Karl Nolle, MdL

Süddeutsche Zeitung, 21.06.2001

"Villa wohnen - Platte zahlen"

Die sächsische Landespressekonferenz hat die Biedenkopf-Schlagzeile des Jahres gewählt
 
Auf Sachsens Ministerpräsidenten kommt oft die Aufgabe zu, Feste zu eröffnen. Am Dienstagabend nahm Kurt Biedenkopf als Schirmherr wieder einmal so eine Aufgabe wahr, die diesmal aber einen besonderen Reiz versprach. Er durfte das Sommerfest der Landespressekonferenz Sachsens eröffnen, jener Vereinigung von Bericht erstattern, die ihm im zurückliegenden Jahr ungewohnt wenig Freude bereitet hat. Intensiv hatte sich die in zehn Jahren zuvor oft zutiefst respektvolle Presse der Affären des sächsischen Regierungschefs angenommen.

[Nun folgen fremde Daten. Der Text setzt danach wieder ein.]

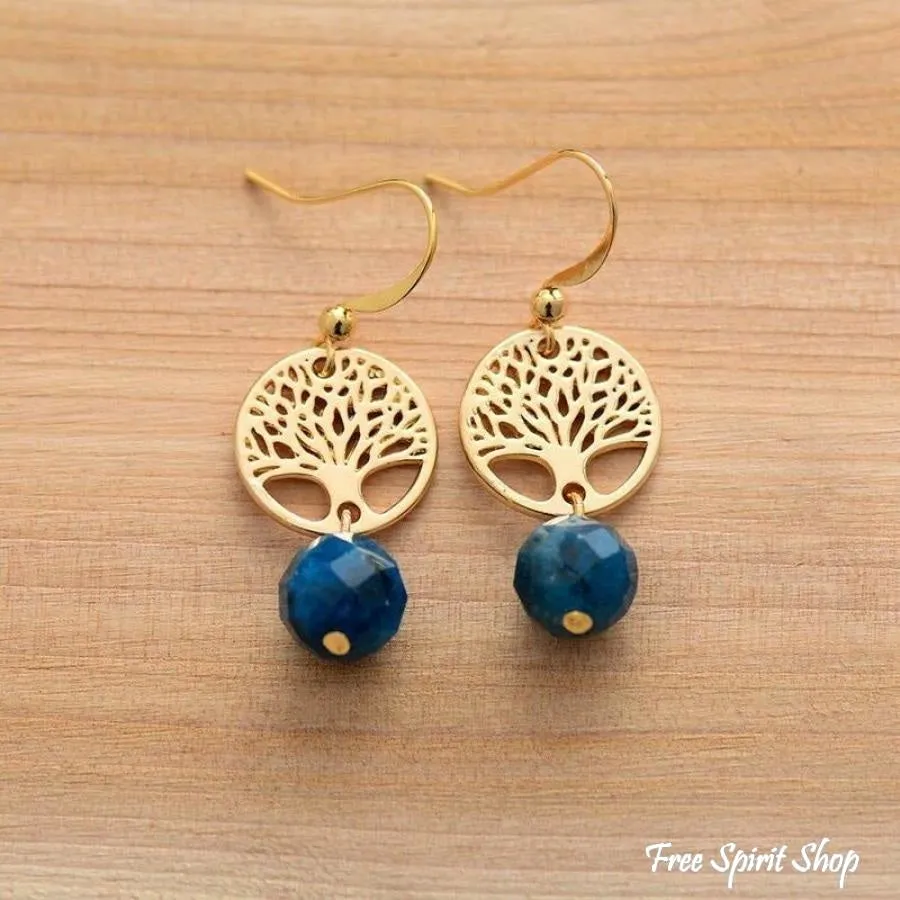 Natural Blue Apatite & Tree Of Life Earrings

Biedenkopf hätte das an diesem Abend – an dem im Dresdner Coselpalais viele Politiker seiner Partei und seines Kabinetts teilnahmen – kaum verdrängen können. Schon am Eingang wurden die Besucher von übermannshohen Stellwänden empfangen, die eine Art Rückblick bedeuteten: Sie boten den Besuchern jeweils zehn Angebote für das zu wählende Zitat des Jahres und die Schlagzeile des Jahres. Der Schirmherr kommentierte in seiner Ansprache die Vorauswahl mit zuletzt ungekannter Heiterkeit und Selbstironie: Er bemerkte, dass er ausgesprochen häufig erwähnt worden sei. Diese Erwähnung sei zwar nicht immer positiv, aber doch ein Zeichen von Aufmerksamkeit. Dafür wolle er sich bedanken.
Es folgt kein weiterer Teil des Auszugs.